SUPPLIED DATA >>
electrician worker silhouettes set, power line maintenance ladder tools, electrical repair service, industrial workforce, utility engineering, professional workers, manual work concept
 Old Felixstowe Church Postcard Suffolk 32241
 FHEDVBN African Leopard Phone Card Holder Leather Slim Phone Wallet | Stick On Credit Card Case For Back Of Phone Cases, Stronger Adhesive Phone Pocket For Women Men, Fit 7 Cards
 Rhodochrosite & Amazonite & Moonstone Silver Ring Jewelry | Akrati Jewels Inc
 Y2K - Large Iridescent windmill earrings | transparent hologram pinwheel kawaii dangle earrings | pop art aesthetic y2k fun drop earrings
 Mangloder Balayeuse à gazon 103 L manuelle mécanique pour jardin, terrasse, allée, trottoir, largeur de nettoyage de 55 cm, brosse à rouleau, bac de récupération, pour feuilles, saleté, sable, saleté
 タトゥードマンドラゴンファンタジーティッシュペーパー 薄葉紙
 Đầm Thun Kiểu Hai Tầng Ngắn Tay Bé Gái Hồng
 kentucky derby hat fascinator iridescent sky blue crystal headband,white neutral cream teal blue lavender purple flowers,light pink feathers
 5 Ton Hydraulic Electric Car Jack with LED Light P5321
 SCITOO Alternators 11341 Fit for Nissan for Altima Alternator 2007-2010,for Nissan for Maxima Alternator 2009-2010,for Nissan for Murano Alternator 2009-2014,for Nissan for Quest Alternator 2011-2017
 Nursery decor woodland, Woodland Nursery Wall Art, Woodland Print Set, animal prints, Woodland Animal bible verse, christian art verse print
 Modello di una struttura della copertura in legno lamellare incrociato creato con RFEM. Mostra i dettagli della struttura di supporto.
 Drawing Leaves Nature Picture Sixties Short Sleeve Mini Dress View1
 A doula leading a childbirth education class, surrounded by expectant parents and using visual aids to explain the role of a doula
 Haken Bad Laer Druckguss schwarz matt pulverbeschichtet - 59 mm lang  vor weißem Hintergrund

WORK TO COMPLETE >> Exactly as they appear above, write out the line containing "SCITOO Alternators 11341" and each line that comes after it in the records.

ANSWER TO THIS TASK >>
 SCITOO Alternators 11341 Fit for Nissan for Altima Alternator 2007-2010,for Nissan for Maxima Alternator 2009-2010,for Nissan for Murano Alternator 2009-2014,for Nissan for Quest Alternator 2011-2017
 Nursery decor woodland, Woodland Nursery Wall Art, Woodland Print Set, animal prints, Woodland Animal bible verse, christian art verse print
 Modello di una struttura della copertura in legno lamellare incrociato creato con RFEM. Mostra i dettagli della struttura di supporto.
 Drawing Leaves Nature Picture Sixties Short Sleeve Mini Dress View1
 A doula leading a childbirth education class, surrounded by expectant parents and using visual aids to explain the role of a doula
 Haken Bad Laer Druckguss schwarz matt pulverbeschichtet - 59 mm lang  vor weißem Hintergrund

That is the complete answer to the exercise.